Clarus Q1 Sales Up 2.5% to $61.9M, Board Retains Jefferies for Strategy

CLARCLAR

Clarus Corporation’s Q1 sales rose 2.5% to $61.9 million, and gross margin expanded 240 basis points to 36.8%, narrowing the net loss to $3.3 million from $5.2 million a year ago. Adjusted net income reached $0.7 million and adjusted EBITDA loss improved to $1.1 million, while the board retained Jefferies to explore strategic alternatives.

1. Financial Highlights

In Q1 2026, Clarus reported consolidated sales of $61.9 million, up 2.5% year-over-year, with gross margin expanding by 240 basis points to 36.8%. The company narrowed its net loss to $3.3 million (5.3% margin) compared to $5.2 million last year and achieved adjusted net income of $0.7 million versus an adjusted net loss of $1.2 million.

2. Segment Performance

Sales in the Outdoor segment increased 1.2% to $44.9 million driven by higher wholesale and distributor revenues, partially offset by the sale of the PIEPS business and lower direct-to-consumer sales. The Adventure segment delivered 5.9% revenue growth to $17.1 million, led by strong wholesale performance in Australia for Rhino-Rack and MAXTRAX products despite North American declines.

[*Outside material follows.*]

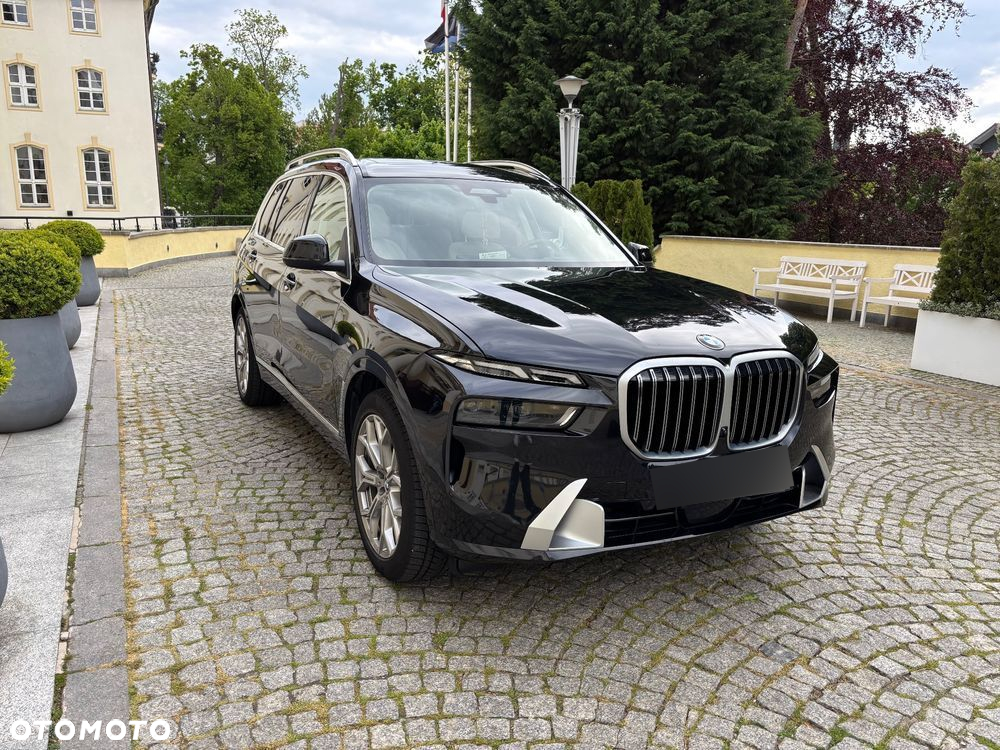 BMW X7 - 7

3. Strategic Review and Liquidity

The board has engaged Jefferies LLC to evaluate strategic alternatives aimed at maximizing shareholder value, leveraging the company's debt-free balance sheet and significant liquidity. Clarus ended the quarter with net cash used in operations of $4.1 million and free cash flow of negative $5.7 million, reflecting ongoing investment and cost management initiatives.